Description
NOTE: This is a used, great condition, paperback. The book has been carefully looked after, and has a shop sticker on the barcode on the back cover.
Blurb:
Historical background: The Napoleonic Wars were at an end. England was in a poor economic state; wages for agricultural workers of the Fens of Cambridgeshire were poor and the costs of essentials such as flour and bread rising out of reach. This decline in the independent Fenmen’s life was brought to a head at the monthly ‘benefit’ meeting at the Globe Inn, Littleport.

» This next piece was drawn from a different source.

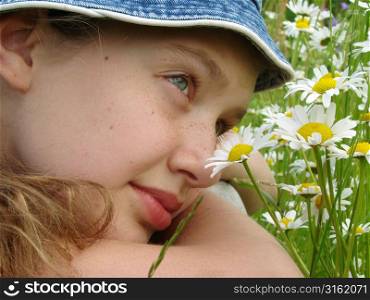 Girl lying in daisies
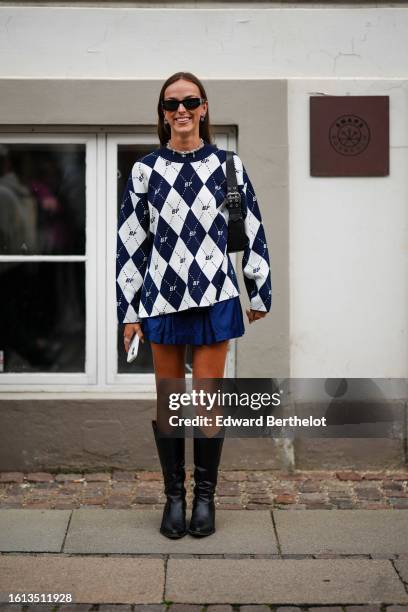 Guest wears black sunglasses, silver earrings, a white and navy blue checkered print pattern wool pullover from Baum und Pferdgarten, a navy blue...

Henry Martin a beer house orator spouted loudly about getting things sorted out, which only served to ferment the angry labourers. The ensuing ‘shindig’ was seen by the wealthy as a severe threat to their lives and so began the rounding up by hated soldiers of those believed to be guilty of rioting. All this was seen through the eyes of Clem Legge, a Fen ‘tiger’ who frequented Littleport and the Globe, he later wrote down the rightful aftermath of the ‘riots’.
There can be no real heroes, no real villains but I have tried to capture the heavy atmosphere that did much to wean the poor fenfolk from the Big Church and the Bishop of Ely. The Bishop and the wealthy, seemingly uncaring land owners being the cause of the poverty that went a long way into ‘stirring the hornet’s nest’. Clem Legge observed a flight of five swans, a symbol of hope as they flew over the five empty gallows to end the story.